We present a unified, multi-scale study of non-Gaussianity of Galactic foreground emissions using Minkowski Functionals and generalized skewness-kurtosis parameters, focusing on the characterization of small-scale non-Gaussianity and its underlying physical origin. We find that all foreground components studied exhibit a remarkably universal non-Gaussian nature dominated by excess kurtosis, whose shape remains stable across angular scales despite large differences in emission physics. Focusing on thermal dust, we perform a detailed comparison between observed maps (GNILC and Planck 545 GHz) and dust model realizations (PySM and filament-based models) to assess the performance of state-of-the-art models in reproducing the observed non-Gaussian properties. At the global level, GNILC and PySM display closely matched kurtosis behavior over the angular scales where the GNILC reconstruction is reliable, while the filament-based model produces substantially weaker skewness and kurtosis signals.
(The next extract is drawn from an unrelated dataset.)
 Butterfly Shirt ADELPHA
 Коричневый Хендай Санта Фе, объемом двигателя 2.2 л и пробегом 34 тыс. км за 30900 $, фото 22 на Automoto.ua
For PySM, however, a patch-based analysis reveals statistically significant regional variations, indicating that while the model reproduces the overall non-Gaussian amplitude and scale dependence, it does not fully capture the spatial variability of the observed kurtosis signal. Using simple PDF-based toy models, we demonstrate that the universal kurtosis signature arises from the combination of heavy-tailed one-point statistics and steep large-scale spatial correlations, while its detailed amplitude and scale dependence depend on the underlying foreground physics. These results identify excess kurtosis as a robust statistical fingerprint of Galactic foregrounds and provide a practical framework for validating small-scale foreground models for future CMB analyses.